Medium-medium tersebut termasuk jaringan seluler seperti SMS/telepon (64,1 %), media sosial (12,3 %), aplikasi chat (9,1 %), dan situs web (8,9 %), surel (3,8 %), lokapasar (0,8 %), game (0,5 %), dan dompet elektronik (0,4 %). Di sisi lain, lebih dari separuh responden (50,8 %) yang menjadi korban penipuan menyatakan bahwa mereka tidak mengalami kerugian.

"Alasan korban menyatakan hal tersebut adalah mereka telah mengikhlaskan peristiwa itu sebagai bagian dari cobaan atau perjalanan hidup," tutur Novi.

Di samping itu, sebagian responden juga melihat kerugian dari aspek finansial saja. Selain kerugian uang (15,2%), responden juga mengalami kerugian waktu (12%), perasaan seperti malu, sedih, kecewa, takut dan trauma (8,4%). Lalu, kebocoran data pribadi (8,3%), kerugian barang (4,2%), lainnya (1,2%), dan kerugian fisik (0,3%).

Bicara soal laporan, 48,3% korban memilih untuk menceritakan kepada keluarga atau teman. Sementara ada yang tidak melakukan apa-apa (37,9%), menceritakan kepada warganet (5,3%), melaporkan pada media sosial atau platform digital lainnya (5%), dan melaporkan kepada kepolisian (1,8%).

"Seluruh pemangku kepentingan diharapkan dapat melakukan kolaborasi dan sinergi untuk menjawab harapan dan kebutuhan masyarakat agar terhindar dari penipuan digital," ujar Novi.

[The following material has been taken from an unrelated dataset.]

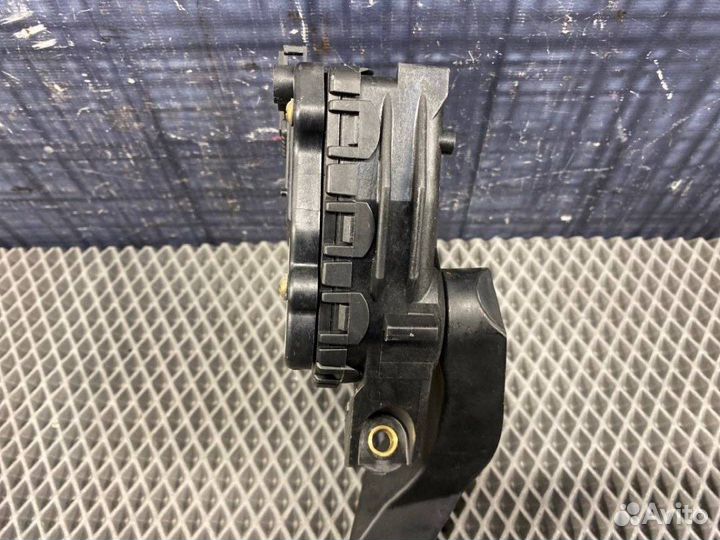 Педаль газа Audi A6 C5 ATQ 2000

Dari studi tersebut, Novi mengatakan responden memiliki sejumlah rekomendasi penipuan digital. Dari sisi pencegahan, responden menginginkan adanya peningkatan sistem keamanan dan perlindungan data pribadi (98,1%), kepastian hukum bagi penanganan penipuan digital (98,1%), dan publikasi kasus terkini dan modus operandi penipuan digital (97,2%).

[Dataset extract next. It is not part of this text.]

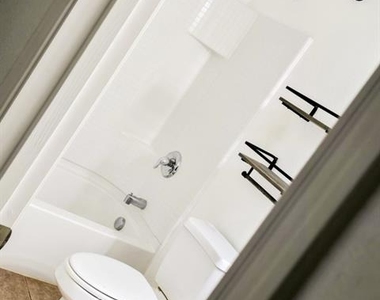 6023 Heather Drive - Photo Thumbnail 8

Lebih lanjut, responden juga mengharapkan adanya edukasi atau pelatihan tentang keamanan digital (97%), ketersediaan situs web dan aplikasi dari pihak berwenang untuk bisa mengecek validitas penjual (96,7%). Mereka pun ingin ada kampanye publik agar warga berhati-hati dan tips cara menghindari penipuan (95,9%).

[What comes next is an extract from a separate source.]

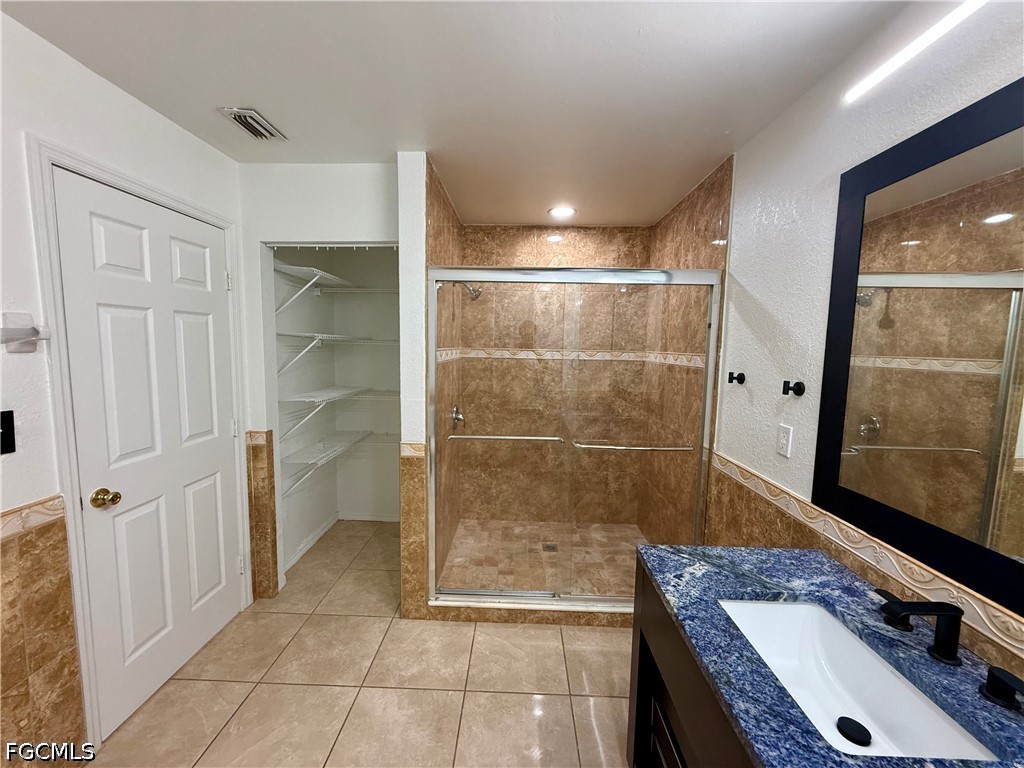 3 Bed Pool Home for Sale in Cape Coral, FL, $2,650 — photo 27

Sementara dari sisi penanganan, responden menganggap sangat penting untuk pemberian hukuman setimpal bagi penipu dan kompensasi bagi korban oleh penipu (70,5%). Mereka merekomendasikan agar aparat profesional dalam membantu korban (69,4%), ada sistem pelaporan yang memudahkan korban melapor (65,8%), dan ada pendampingan/advokasi korban penipuan (59,3%).